Work instructions: Once the pictures are set aside, repeat all of the data below exactly.

Source material:
···
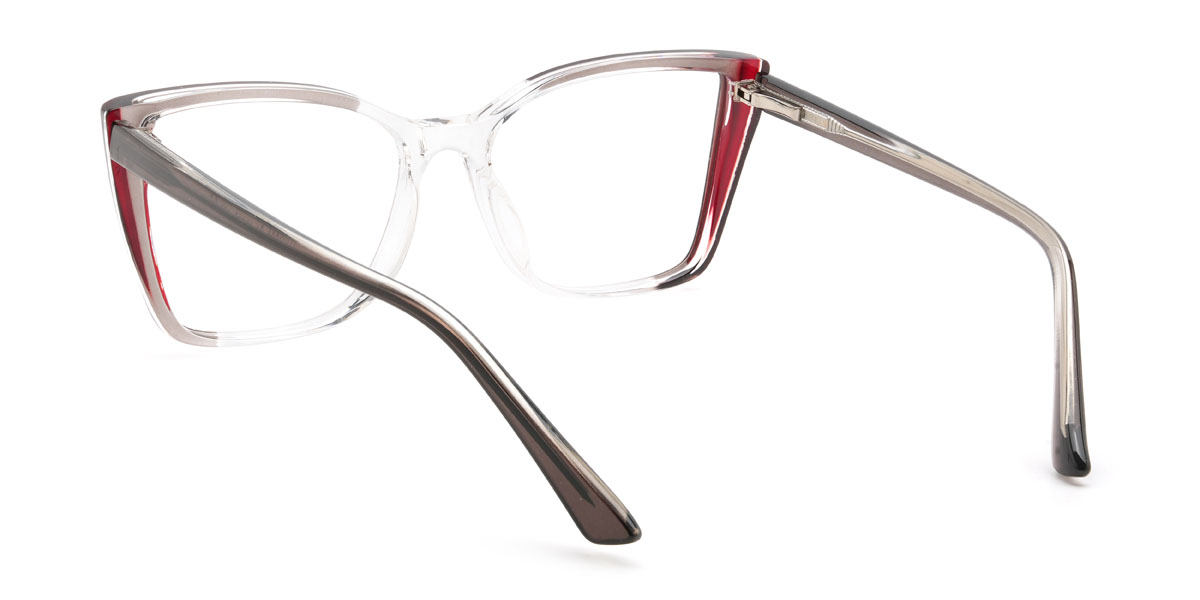 Szürke piros Dayami Szemüveg - Rectangle Glasses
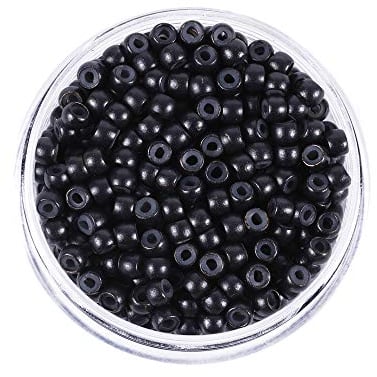200 Stück Nanoringe mit Silikon 3,0 mm Nano Ringe Microringe mit Silikon für Extensions (Schwarz)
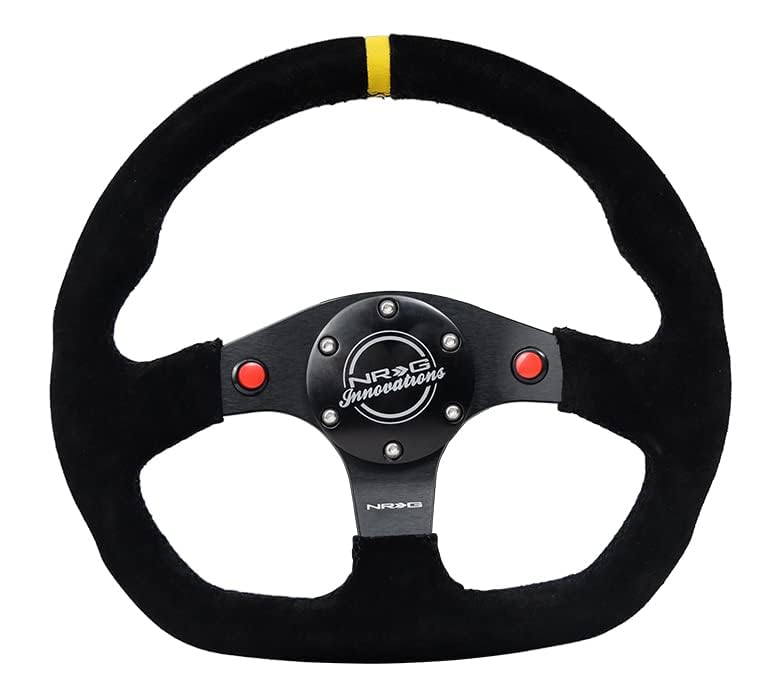 NRG Innovations Reinforced NRG-RST-024D-MB-S-Y Steering Wheel 320mm Sport Suede Dual Push Buttons Flat Bottom with Yellow Center Mark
···
Task response:
 Szürke piros Dayami Szemüveg - Rectangle Glasses
200 Stück Nanoringe mit Silikon 3,0 mm Nano Ringe Microringe mit Silikon für Extensions (Schwarz)
 NRG Innovations Reinforced NRG-RST-024D-MB-S-Y Steering Wheel 320mm Sport Suede Dual Push Buttons Flat Bottom with Yellow Center Mark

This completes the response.